-- Supplied material --
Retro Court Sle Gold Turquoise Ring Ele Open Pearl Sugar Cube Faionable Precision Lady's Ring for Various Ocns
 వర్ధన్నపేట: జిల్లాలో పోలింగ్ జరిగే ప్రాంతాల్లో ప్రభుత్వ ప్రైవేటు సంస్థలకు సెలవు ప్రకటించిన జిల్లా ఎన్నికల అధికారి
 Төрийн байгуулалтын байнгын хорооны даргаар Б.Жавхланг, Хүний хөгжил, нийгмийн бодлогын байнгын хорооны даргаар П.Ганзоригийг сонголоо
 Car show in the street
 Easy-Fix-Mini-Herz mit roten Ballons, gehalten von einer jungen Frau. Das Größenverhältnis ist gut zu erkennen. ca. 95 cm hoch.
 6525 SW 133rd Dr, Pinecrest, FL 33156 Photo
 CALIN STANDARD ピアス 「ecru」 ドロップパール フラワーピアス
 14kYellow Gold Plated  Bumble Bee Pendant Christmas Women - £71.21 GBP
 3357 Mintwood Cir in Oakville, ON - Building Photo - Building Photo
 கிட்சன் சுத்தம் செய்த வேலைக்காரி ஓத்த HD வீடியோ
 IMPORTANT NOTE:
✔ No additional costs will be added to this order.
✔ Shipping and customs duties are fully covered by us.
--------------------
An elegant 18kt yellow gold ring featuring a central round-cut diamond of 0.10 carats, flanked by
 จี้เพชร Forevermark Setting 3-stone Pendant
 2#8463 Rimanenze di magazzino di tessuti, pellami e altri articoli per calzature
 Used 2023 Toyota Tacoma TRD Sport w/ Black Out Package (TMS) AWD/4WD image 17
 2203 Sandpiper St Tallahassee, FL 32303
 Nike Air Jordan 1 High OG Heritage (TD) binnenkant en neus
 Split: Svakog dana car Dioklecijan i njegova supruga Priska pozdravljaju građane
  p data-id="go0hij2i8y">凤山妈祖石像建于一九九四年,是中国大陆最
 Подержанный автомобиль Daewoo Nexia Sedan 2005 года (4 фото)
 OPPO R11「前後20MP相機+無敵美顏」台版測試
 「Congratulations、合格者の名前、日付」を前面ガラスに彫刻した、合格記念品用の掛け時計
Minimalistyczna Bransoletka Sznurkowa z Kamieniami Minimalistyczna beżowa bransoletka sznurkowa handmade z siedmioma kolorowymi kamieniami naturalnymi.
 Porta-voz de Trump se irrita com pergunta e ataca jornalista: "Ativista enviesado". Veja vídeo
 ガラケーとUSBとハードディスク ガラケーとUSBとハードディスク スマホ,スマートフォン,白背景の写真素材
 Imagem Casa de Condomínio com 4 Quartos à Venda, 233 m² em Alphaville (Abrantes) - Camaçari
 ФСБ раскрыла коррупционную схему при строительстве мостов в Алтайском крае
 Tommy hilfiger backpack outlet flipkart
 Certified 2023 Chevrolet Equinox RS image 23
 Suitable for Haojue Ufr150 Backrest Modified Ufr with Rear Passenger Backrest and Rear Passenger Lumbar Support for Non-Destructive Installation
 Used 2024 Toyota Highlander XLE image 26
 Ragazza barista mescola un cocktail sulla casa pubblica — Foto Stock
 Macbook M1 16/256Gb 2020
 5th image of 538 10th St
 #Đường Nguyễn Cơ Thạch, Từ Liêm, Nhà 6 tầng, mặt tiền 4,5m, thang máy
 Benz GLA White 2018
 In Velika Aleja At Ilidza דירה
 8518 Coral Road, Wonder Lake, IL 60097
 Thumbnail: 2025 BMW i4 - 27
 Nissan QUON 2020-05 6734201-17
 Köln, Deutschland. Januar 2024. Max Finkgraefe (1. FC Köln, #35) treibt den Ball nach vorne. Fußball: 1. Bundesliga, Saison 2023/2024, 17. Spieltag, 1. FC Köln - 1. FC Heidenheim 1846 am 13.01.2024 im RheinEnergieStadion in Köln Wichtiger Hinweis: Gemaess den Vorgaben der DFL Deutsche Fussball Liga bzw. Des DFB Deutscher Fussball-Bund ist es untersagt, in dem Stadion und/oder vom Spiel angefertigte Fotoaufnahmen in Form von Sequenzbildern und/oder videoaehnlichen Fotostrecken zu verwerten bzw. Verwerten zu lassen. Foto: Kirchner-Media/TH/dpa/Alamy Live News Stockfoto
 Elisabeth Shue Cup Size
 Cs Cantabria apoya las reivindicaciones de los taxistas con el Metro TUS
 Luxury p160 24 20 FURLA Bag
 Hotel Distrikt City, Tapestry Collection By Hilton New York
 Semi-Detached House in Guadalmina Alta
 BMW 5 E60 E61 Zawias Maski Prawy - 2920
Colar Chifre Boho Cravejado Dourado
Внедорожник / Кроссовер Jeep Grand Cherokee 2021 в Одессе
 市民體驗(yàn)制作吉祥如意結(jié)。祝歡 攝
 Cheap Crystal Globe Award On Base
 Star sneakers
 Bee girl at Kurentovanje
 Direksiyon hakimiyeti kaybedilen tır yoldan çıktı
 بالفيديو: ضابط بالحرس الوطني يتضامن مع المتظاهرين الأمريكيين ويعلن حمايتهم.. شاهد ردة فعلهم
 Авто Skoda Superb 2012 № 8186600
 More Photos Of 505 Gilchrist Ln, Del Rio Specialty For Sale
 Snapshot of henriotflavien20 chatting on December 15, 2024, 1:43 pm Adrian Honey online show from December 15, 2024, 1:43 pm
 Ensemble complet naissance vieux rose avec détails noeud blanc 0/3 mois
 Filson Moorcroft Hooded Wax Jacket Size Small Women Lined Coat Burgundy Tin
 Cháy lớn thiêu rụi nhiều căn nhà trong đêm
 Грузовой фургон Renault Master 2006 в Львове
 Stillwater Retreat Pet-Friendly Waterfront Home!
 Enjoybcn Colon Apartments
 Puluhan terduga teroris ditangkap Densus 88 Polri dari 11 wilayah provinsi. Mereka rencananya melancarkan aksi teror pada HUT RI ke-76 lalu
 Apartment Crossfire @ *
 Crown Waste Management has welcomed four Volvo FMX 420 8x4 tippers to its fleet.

-- Exercise description --
Copy back the listing above exactly, but only from the line with "2203 Sandpiper St Tallahassee, FL 32303" through the line with "ガラケーとUSBとハードディスク ガラケーとUSBとハードディスク スマホ,スマートフォン,白背景の写真素材", both ends included.

-- Response area --
 2203 Sandpiper St Tallahassee, FL 32303
 Nike Air Jordan 1 High OG Heritage (TD) binnenkant en neus
 Split: Svakog dana car Dioklecijan i njegova supruga Priska pozdravljaju građane
  p data-id="go0hij2i8y">凤山妈祖石像建于一九九四年,是中国大陆最
 Подержанный автомобиль Daewoo Nexia Sedan 2005 года (4 фото)
 OPPO R11「前後20MP相機+無敵美顏」台版測試
 「Congratulations、合格者の名前、日付」を前面ガラスに彫刻した、合格記念品用の掛け時計
Minimalistyczna Bransoletka Sznurkowa z Kamieniami Minimalistyczna beżowa bransoletka sznurkowa handmade z siedmioma kolorowymi kamieniami naturalnymi.
 Porta-voz de Trump se irrita com pergunta e ataca jornalista: "Ativista enviesado". Veja vídeo
 ガラケーとUSBとハードディスク ガラケーとUSBとハードディスク スマホ,スマートフォン,白背景の写真素材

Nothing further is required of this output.